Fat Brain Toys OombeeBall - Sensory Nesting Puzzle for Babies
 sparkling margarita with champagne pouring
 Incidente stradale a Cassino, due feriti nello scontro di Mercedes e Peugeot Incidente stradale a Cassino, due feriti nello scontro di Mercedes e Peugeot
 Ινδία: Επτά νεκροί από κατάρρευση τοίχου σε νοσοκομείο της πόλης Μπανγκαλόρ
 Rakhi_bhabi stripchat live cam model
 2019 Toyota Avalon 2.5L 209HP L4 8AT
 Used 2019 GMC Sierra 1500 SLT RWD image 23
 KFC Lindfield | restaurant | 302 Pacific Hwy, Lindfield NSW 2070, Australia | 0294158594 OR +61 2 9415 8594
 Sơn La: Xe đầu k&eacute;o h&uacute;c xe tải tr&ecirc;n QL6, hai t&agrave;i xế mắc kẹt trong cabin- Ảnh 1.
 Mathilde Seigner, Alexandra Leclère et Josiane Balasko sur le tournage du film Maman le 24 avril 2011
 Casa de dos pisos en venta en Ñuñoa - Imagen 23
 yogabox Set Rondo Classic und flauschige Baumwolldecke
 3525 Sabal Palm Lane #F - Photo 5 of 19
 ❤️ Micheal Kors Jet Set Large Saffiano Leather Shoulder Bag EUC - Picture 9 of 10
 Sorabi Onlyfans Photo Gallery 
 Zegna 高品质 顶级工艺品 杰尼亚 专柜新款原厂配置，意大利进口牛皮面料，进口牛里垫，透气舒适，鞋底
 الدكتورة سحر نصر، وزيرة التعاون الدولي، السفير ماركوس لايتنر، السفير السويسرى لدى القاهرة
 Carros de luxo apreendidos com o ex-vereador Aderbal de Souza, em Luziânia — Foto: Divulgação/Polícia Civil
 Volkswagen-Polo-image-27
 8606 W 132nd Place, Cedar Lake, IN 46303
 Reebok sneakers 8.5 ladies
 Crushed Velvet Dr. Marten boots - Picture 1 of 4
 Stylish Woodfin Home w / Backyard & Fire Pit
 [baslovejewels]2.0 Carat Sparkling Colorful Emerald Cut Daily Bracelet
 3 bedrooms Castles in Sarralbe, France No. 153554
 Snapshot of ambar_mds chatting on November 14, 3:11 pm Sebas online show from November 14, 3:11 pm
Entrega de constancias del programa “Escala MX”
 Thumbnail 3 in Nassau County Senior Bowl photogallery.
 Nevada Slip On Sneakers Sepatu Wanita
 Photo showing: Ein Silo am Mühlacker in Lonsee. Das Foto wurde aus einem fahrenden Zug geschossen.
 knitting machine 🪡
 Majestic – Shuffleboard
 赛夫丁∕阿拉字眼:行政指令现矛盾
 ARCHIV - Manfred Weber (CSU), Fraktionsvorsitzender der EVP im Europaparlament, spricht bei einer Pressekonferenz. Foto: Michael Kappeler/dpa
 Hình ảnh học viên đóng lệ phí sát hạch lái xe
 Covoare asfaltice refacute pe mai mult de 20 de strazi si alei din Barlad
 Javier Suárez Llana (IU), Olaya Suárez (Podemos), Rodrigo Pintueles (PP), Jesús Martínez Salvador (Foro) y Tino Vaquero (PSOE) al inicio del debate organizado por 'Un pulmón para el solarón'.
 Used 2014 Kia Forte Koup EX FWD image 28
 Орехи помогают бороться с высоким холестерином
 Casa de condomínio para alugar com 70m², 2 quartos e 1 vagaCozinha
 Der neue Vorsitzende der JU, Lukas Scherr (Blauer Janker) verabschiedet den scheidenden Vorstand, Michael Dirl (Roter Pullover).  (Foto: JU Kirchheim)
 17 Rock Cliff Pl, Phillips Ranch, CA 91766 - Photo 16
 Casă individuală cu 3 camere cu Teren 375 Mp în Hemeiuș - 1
------------------------------------------------------------
• TASK REQUIREMENTS
For this listing, copy out every line that includes the word "Michael".

• RESPONSE TO THIS EXERCISE
 ARCHIV - Manfred Weber (CSU), Fraktionsvorsitzender der EVP im Europaparlament, spricht bei einer Pressekonferenz. Foto: Michael Kappeler/dpa
 Der neue Vorsitzende der JU, Lukas Scherr (Blauer Janker) verabschiedet den scheidenden Vorstand, Michael Dirl (Roter Pullover).  (Foto: JU Kirchheim)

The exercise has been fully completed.